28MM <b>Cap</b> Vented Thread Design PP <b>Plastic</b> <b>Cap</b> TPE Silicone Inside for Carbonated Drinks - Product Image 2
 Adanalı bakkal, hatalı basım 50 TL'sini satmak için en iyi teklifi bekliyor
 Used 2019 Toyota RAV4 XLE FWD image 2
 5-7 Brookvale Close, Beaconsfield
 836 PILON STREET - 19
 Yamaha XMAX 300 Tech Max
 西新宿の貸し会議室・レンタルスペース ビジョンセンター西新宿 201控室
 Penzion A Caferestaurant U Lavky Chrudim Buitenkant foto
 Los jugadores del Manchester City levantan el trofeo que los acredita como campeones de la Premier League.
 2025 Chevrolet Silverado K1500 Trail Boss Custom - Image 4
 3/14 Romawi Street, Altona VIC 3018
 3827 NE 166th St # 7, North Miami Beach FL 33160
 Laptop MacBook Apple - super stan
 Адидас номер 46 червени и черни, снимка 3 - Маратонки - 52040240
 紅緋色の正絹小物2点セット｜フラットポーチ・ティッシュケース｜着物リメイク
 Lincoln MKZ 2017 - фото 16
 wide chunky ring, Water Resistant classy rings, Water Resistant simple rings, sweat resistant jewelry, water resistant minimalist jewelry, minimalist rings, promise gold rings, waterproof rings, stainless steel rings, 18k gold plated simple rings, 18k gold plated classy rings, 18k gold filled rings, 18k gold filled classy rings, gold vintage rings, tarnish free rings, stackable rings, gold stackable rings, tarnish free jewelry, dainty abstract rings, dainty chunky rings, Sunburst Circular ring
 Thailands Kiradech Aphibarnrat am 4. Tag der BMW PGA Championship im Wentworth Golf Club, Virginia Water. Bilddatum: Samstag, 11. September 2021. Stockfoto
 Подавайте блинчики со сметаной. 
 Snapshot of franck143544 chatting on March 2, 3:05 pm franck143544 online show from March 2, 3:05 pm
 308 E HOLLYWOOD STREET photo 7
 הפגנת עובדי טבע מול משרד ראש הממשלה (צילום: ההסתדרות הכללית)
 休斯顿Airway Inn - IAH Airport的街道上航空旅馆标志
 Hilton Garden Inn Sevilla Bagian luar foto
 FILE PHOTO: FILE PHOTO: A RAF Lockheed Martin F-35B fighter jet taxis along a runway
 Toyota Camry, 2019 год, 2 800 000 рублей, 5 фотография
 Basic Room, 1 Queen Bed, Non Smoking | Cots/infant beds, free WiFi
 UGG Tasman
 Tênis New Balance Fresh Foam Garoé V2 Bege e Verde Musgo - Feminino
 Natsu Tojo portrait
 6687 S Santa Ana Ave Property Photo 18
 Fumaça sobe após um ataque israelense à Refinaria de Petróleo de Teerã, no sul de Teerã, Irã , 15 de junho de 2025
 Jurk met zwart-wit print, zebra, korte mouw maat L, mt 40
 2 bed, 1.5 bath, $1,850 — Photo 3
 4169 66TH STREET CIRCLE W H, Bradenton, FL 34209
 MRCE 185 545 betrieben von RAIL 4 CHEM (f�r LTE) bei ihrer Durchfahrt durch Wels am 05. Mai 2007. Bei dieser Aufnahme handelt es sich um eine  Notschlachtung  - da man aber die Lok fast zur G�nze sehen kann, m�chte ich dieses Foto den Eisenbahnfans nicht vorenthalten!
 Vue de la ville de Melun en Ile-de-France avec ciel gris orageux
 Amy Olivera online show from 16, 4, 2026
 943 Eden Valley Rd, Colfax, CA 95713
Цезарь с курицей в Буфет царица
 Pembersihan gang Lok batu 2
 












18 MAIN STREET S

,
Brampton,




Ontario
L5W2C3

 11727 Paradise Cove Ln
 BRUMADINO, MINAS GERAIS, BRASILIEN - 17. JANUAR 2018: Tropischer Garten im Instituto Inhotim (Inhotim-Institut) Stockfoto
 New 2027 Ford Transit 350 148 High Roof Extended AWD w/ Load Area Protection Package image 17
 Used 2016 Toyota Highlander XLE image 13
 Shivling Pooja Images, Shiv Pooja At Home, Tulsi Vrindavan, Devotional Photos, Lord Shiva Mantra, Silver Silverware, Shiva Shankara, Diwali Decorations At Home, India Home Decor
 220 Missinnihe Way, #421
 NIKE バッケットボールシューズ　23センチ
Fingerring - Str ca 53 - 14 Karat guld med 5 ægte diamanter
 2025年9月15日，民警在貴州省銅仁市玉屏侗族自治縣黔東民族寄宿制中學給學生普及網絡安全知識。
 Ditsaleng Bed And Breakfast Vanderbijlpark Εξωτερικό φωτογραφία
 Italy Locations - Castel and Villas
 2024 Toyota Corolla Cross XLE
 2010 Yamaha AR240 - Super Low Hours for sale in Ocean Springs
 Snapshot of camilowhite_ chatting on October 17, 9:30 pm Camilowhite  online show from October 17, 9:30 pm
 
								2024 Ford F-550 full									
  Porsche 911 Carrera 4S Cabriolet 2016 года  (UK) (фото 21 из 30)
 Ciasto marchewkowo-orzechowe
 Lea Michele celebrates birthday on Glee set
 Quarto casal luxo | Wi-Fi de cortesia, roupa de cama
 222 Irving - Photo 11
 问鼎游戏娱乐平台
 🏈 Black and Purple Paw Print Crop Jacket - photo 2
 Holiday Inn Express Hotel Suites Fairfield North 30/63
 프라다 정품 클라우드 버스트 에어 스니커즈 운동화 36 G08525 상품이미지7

• • • • •

Repeat the entries shown above, every one, word for word.

- Answer to the problem -
28MM <b>Cap</b> Vented Thread Design PP <b>Plastic</b> <b>Cap</b> TPE Silicone Inside for Carbonated Drinks - Product Image 2
 Adanalı bakkal, hatalı basım 50 TL'sini satmak için en iyi teklifi bekliyor
 Used 2019 Toyota RAV4 XLE FWD image 2
 5-7 Brookvale Close, Beaconsfield
 836 PILON STREET - 19
 Yamaha XMAX 300 Tech Max
 西新宿の貸し会議室・レンタルスペース ビジョンセンター西新宿 201控室
 Penzion A Caferestaurant U Lavky Chrudim Buitenkant foto
 Los jugadores del Manchester City levantan el trofeo que los acredita como campeones de la Premier League.
 2025 Chevrolet Silverado K1500 Trail Boss Custom - Image 4
 3/14 Romawi Street, Altona VIC 3018
 3827 NE 166th St # 7, North Miami Beach FL 33160
 Laptop MacBook Apple - super stan
 Адидас номер 46 червени и черни, снимка 3 - Маратонки - 52040240
 紅緋色の正絹小物2点セット｜フラットポーチ・ティッシュケース｜着物リメイク
 Lincoln MKZ 2017 - фото 16
 wide chunky ring, Water Resistant classy rings, Water Resistant simple rings, sweat resistant jewelry, water resistant minimalist jewelry, minimalist rings, promise gold rings, waterproof rings, stainless steel rings, 18k gold plated simple rings, 18k gold plated classy rings, 18k gold filled rings, 18k gold filled classy rings, gold vintage rings, tarnish free rings, stackable rings, gold stackable rings, tarnish free jewelry, dainty abstract rings, dainty chunky rings, Sunburst Circular ring
 Thailands Kiradech Aphibarnrat am 4. Tag der BMW PGA Championship im Wentworth Golf Club, Virginia Water. Bilddatum: Samstag, 11. September 2021. Stockfoto
 Подавайте блинчики со сметаной. 
 Snapshot of franck143544 chatting on March 2, 3:05 pm franck143544 online show from March 2, 3:05 pm
 308 E HOLLYWOOD STREET photo 7
 הפגנת עובדי טבע מול משרד ראש הממשלה (צילום: ההסתדרות הכללית)
 休斯顿Airway Inn - IAH Airport的街道上航空旅馆标志
 Hilton Garden Inn Sevilla Bagian luar foto
 FILE PHOTO: FILE PHOTO: A RAF Lockheed Martin F-35B fighter jet taxis along a runway
 Toyota Camry, 2019 год, 2 800 000 рублей, 5 фотография
 Basic Room, 1 Queen Bed, Non Smoking | Cots/infant beds, free WiFi
 UGG Tasman
 Tênis New Balance Fresh Foam Garoé V2 Bege e Verde Musgo - Feminino
 Natsu Tojo portrait
 6687 S Santa Ana Ave Property Photo 18
 Fumaça sobe após um ataque israelense à Refinaria de Petróleo de Teerã, no sul de Teerã, Irã , 15 de junho de 2025
 Jurk met zwart-wit print, zebra, korte mouw maat L, mt 40
 2 bed, 1.5 bath, $1,850 — Photo 3
 4169 66TH STREET CIRCLE W H, Bradenton, FL 34209
 MRCE 185 545 betrieben von RAIL 4 CHEM (f�r LTE) bei ihrer Durchfahrt durch Wels am 05. Mai 2007. Bei dieser Aufnahme handelt es sich um eine  Notschlachtung  - da man aber die Lok fast zur G�nze sehen kann, m�chte ich dieses Foto den Eisenbahnfans nicht vorenthalten!
 Vue de la ville de Melun en Ile-de-France avec ciel gris orageux
 Amy Olivera online show from 16, 4, 2026
 943 Eden Valley Rd, Colfax, CA 95713
Цезарь с курицей в Буфет царица
 Pembersihan gang Lok batu 2
 












18 MAIN STREET S

,
Brampton,




Ontario
L5W2C3

 11727 Paradise Cove Ln
 BRUMADINO, MINAS GERAIS, BRASILIEN - 17. JANUAR 2018: Tropischer Garten im Instituto Inhotim (Inhotim-Institut) Stockfoto
 New 2027 Ford Transit 350 148 High Roof Extended AWD w/ Load Area Protection Package image 17
 Used 2016 Toyota Highlander XLE image 13
 Shivling Pooja Images, Shiv Pooja At Home, Tulsi Vrindavan, Devotional Photos, Lord Shiva Mantra, Silver Silverware, Shiva Shankara, Diwali Decorations At Home, India Home Decor
 220 Missinnihe Way, #421
 NIKE バッケットボールシューズ　23センチ
Fingerring - Str ca 53 - 14 Karat guld med 5 ægte diamanter
 2025年9月15日，民警在貴州省銅仁市玉屏侗族自治縣黔東民族寄宿制中學給學生普及網絡安全知識。
 Ditsaleng Bed And Breakfast Vanderbijlpark Εξωτερικό φωτογραφία
 Italy Locations - Castel and Villas
 2024 Toyota Corolla Cross XLE
 2010 Yamaha AR240 - Super Low Hours for sale in Ocean Springs
 Snapshot of camilowhite_ chatting on October 17, 9:30 pm Camilowhite  online show from October 17, 9:30 pm
 
								2024 Ford F-550 full									
  Porsche 911 Carrera 4S Cabriolet 2016 года  (UK) (фото 21 из 30)
 Ciasto marchewkowo-orzechowe
 Lea Michele celebrates birthday on Glee set
 Quarto casal luxo | Wi-Fi de cortesia, roupa de cama
 222 Irving - Photo 11
 问鼎游戏娱乐平台
 🏈 Black and Purple Paw Print Crop Jacket - photo 2
 Holiday Inn Express Hotel Suites Fairfield North 30/63
 프라다 정품 클라우드 버스트 에어 스니커즈 운동화 36 G08525 상품이미지7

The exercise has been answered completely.